Kol chuckled before jumping next to her side on the bed, her head 'thumped' with the tousle. "A short, but extremely entertaining clip which has conveniently been deleted from Damon Salvatore's electronic device."
"Oh thank god…" Bonnie sang out loud. It took her a moment to catch up to an dangerously important fact that she was only wearing panties. How did she miss that? "Kol?"
"Yes darling? Are you going to ask what I would consider payments of gratitude because I do have a number of amazing ideas." He leered with a dirty – filthy – grin.
Remembering to hold the sheet up around her chest, Bonnie sat up and glared at the grinning vampire, "I'm going to ask you this only once, and if I don't like the answer, your ass will be up in flames before she get the chance to say "witch." Where are my clothes?."
With his usual cocky attitude, Kol cleared his throat as if he was going to tell a story of his own, "Well after saving the animal crackers from Donovan you took to threaten anyone who came near your "babies" they would be sent to the gallows, I've got to say I'm seeing a theme here." At the frightening stillness of her gaze, he continued, "I then generously offered to help you guard your cracker children which you took to let's go find an empty room, then tossed them onto the bed. At that time you began is sing, "Hakuna Matata" but without Timon or Pumba it wasn't the same then tried to conjure them by dancing in your underwear since we couldn't find a grass skirt."
"Oh sweet Jesus. Wait, wait what about my bra?"

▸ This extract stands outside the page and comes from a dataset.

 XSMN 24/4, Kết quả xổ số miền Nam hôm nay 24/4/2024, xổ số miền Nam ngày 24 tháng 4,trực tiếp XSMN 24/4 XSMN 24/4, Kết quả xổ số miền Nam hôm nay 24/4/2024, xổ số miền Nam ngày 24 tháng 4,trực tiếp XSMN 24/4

"A payment for my services."
Bonnie rolled over to bury her face in her pillow, face hot and palms clammy. Never again. Turning back over, she glanced at an amused Kol, "I'm going to kill you - you know that right?"
"Good thing, I'm a vampire. No need for the embarrassment darling, you have very beautiful breasts. Very memorable."
Asshole.
Credit to hours dedicated to learning her craft, Bonnie need only mumble one word to light Kol up. With a smug look she watched as he jumped up and patted his clothes.
Bonnie didn't hesitate to fall right back to sleep, animal crackers be damn.